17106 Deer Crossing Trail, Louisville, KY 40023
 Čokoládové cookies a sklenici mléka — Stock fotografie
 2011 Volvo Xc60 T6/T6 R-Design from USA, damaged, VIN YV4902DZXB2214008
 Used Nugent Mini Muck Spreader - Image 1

_ _ _ _ _ _ _

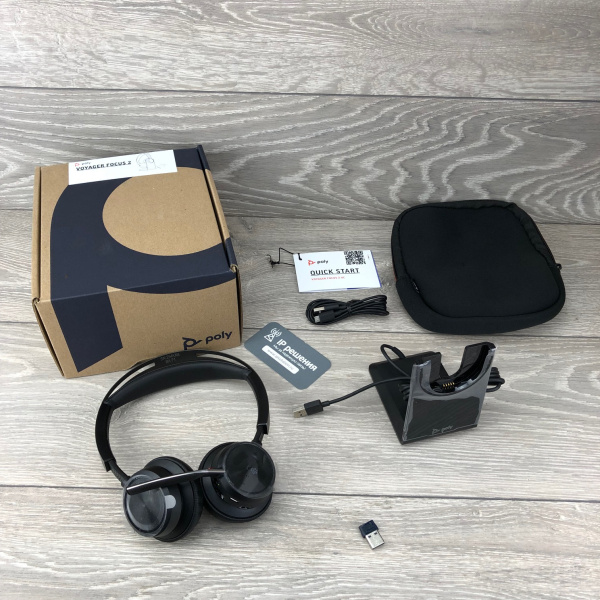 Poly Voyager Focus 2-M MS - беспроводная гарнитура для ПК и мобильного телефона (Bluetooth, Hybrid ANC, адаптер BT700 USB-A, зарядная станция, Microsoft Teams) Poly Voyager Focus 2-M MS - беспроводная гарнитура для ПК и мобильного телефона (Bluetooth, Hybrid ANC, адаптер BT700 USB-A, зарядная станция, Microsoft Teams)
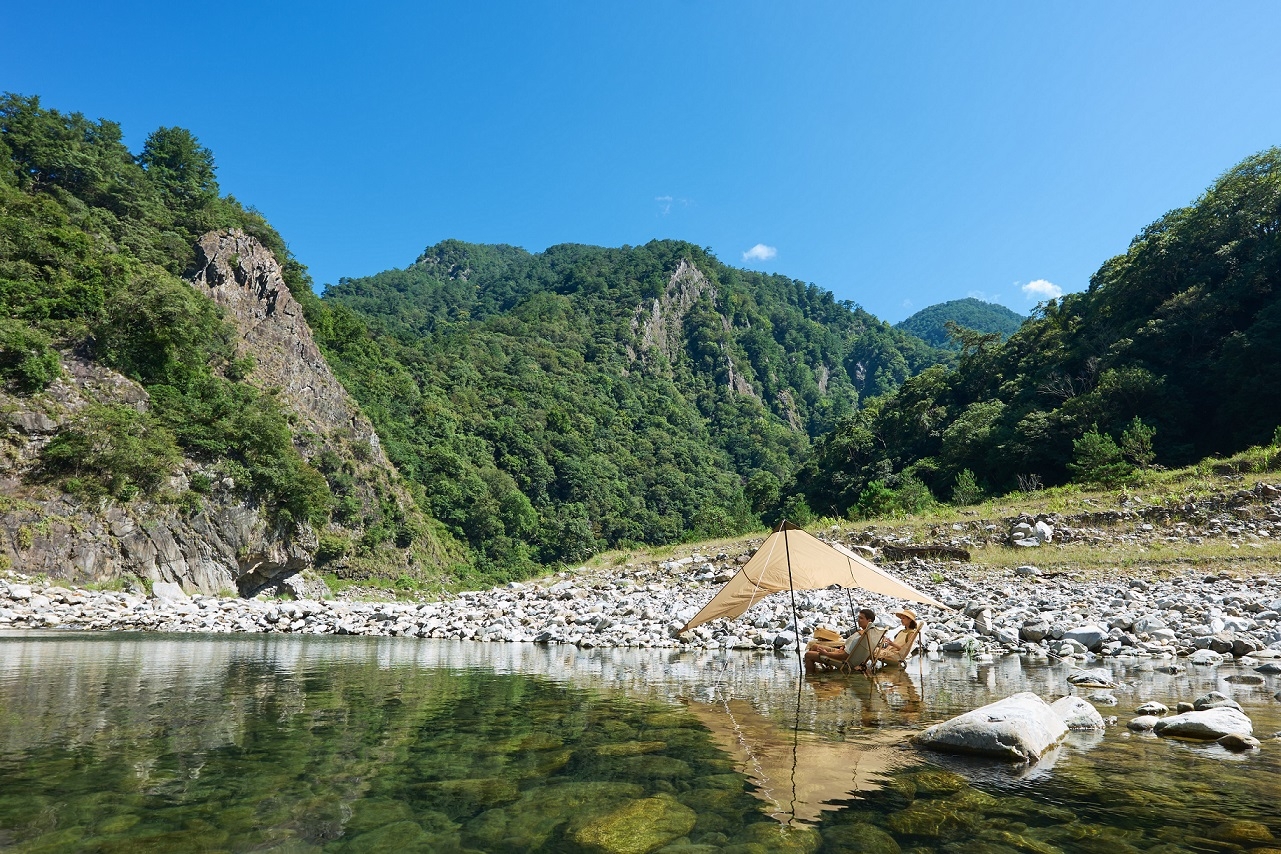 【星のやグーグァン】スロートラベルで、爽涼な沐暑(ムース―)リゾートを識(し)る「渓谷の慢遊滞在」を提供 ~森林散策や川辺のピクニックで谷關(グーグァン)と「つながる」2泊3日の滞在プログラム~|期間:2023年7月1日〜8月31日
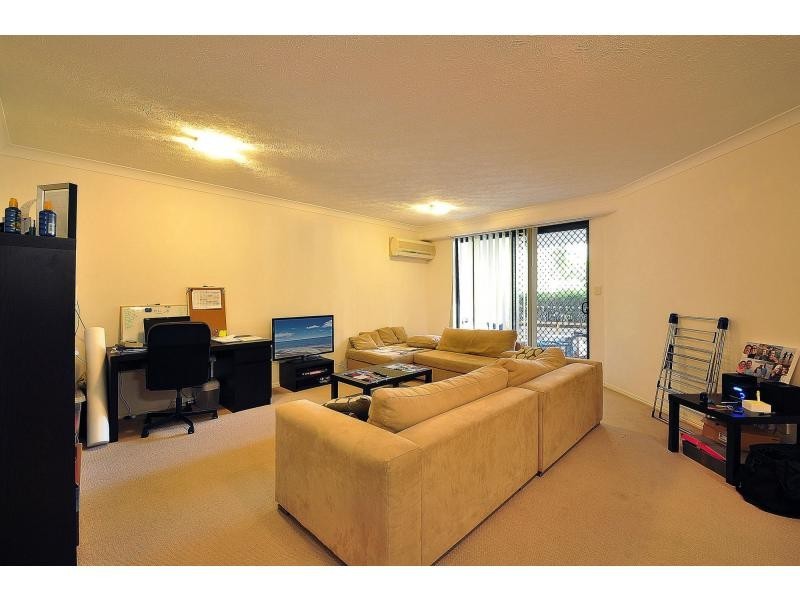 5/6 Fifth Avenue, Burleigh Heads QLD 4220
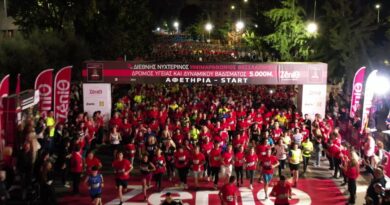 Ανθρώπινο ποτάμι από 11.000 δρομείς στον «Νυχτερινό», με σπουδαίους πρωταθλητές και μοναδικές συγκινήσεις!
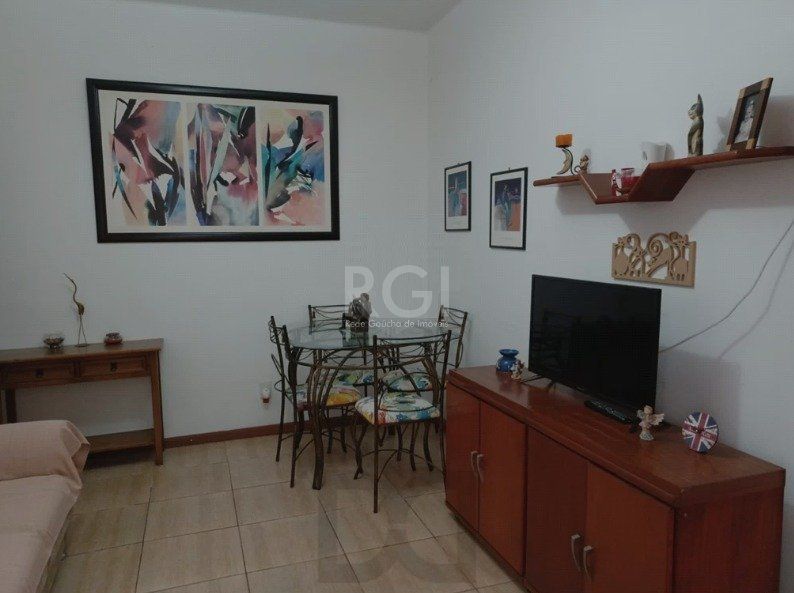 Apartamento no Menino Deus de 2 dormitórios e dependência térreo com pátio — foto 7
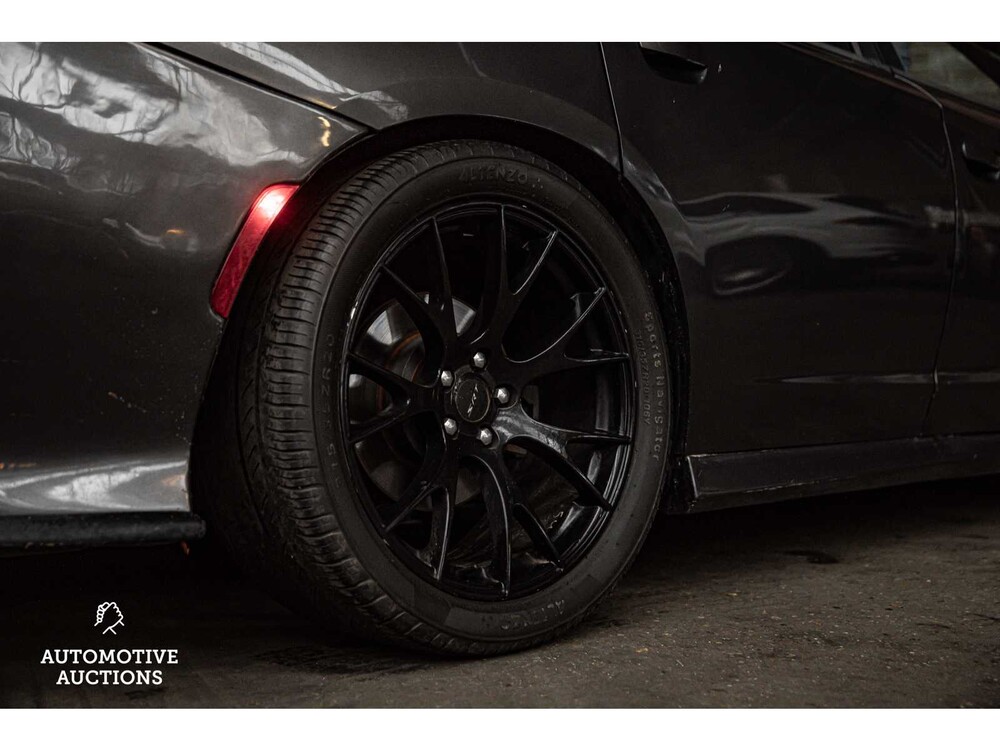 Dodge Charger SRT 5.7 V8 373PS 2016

_ _ _ _ _ _ _

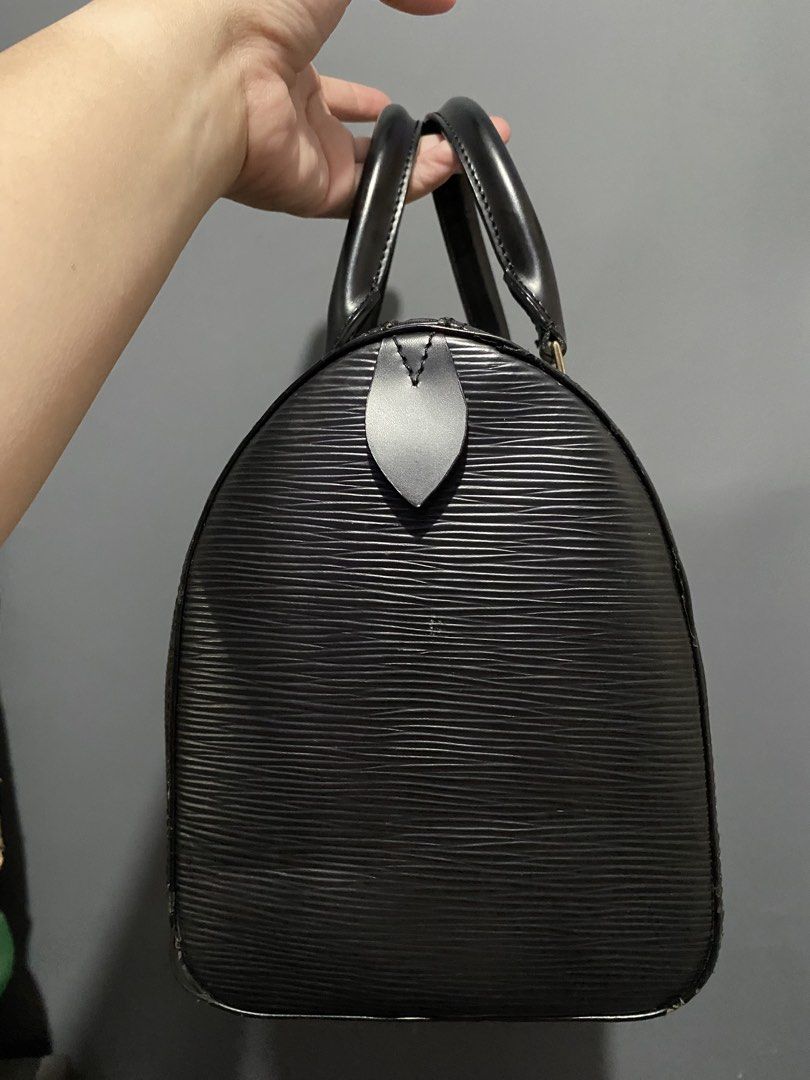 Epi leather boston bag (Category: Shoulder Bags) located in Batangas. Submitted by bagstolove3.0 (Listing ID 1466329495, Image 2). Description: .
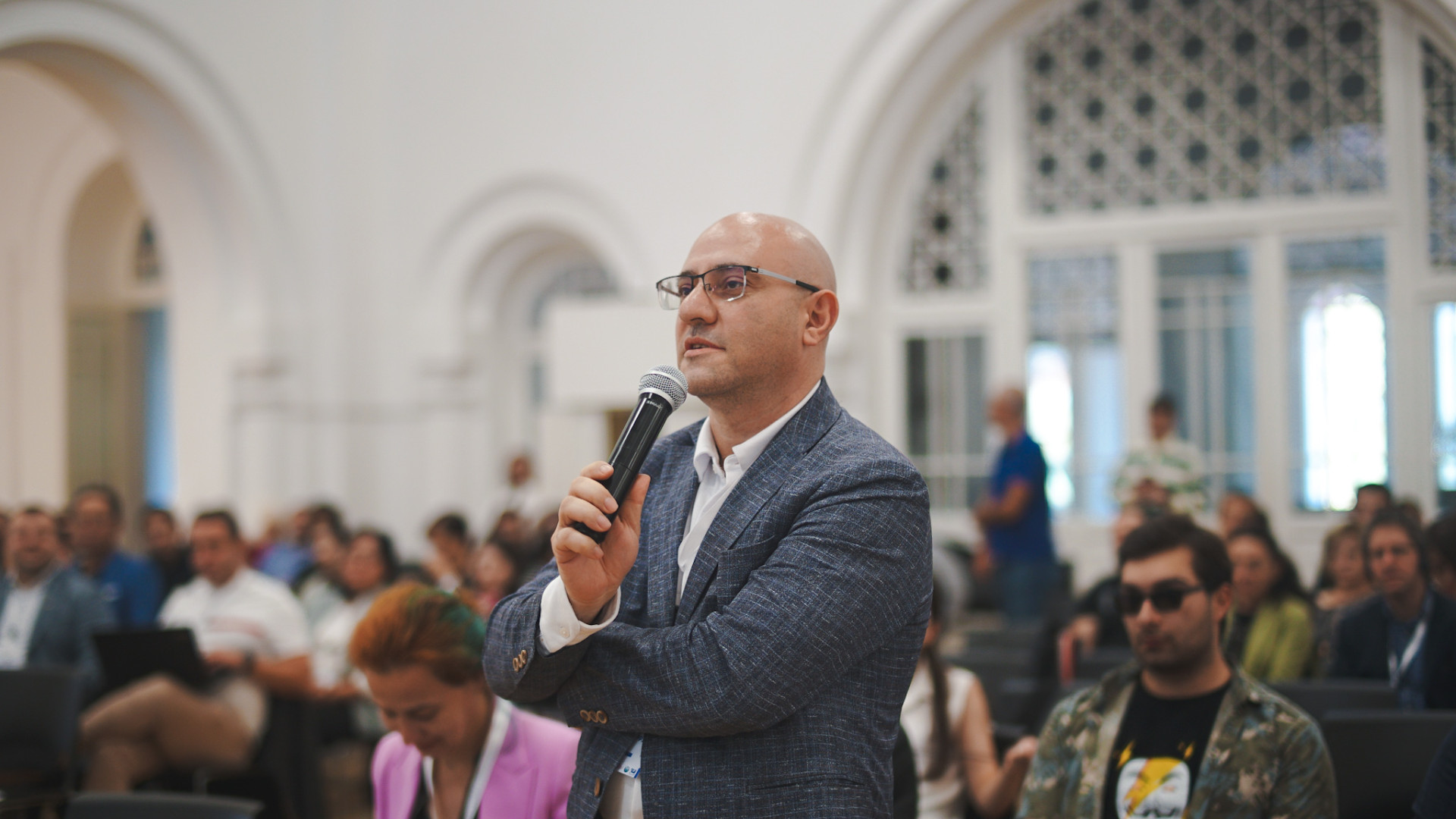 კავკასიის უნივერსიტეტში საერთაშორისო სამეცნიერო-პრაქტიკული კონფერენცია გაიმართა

_ _ _ _ _ _ _

■ Problem requirements
When you reach the line holding "5/6 Fifth Avenue, Burleigh Heads QLD 4220" in the listing above, begin retyping exactly, and stop once the line holding "Dodge Charger SRT 5.7 V8 373PS 2016" is done; pictures stay out.

■ Solution below
 5/6 Fifth Avenue, Burleigh Heads QLD 4220
 Ανθρώπινο ποτάμι από 11.000 δρομείς στον «Νυχτερινό», με σπουδαίους πρωταθλητές και μοναδικές συγκινήσεις!
 Apartamento no Menino Deus de 2 dormitórios e dependência térreo com pátio — foto 7
 Dodge Charger SRT 5.7 V8 373PS 2016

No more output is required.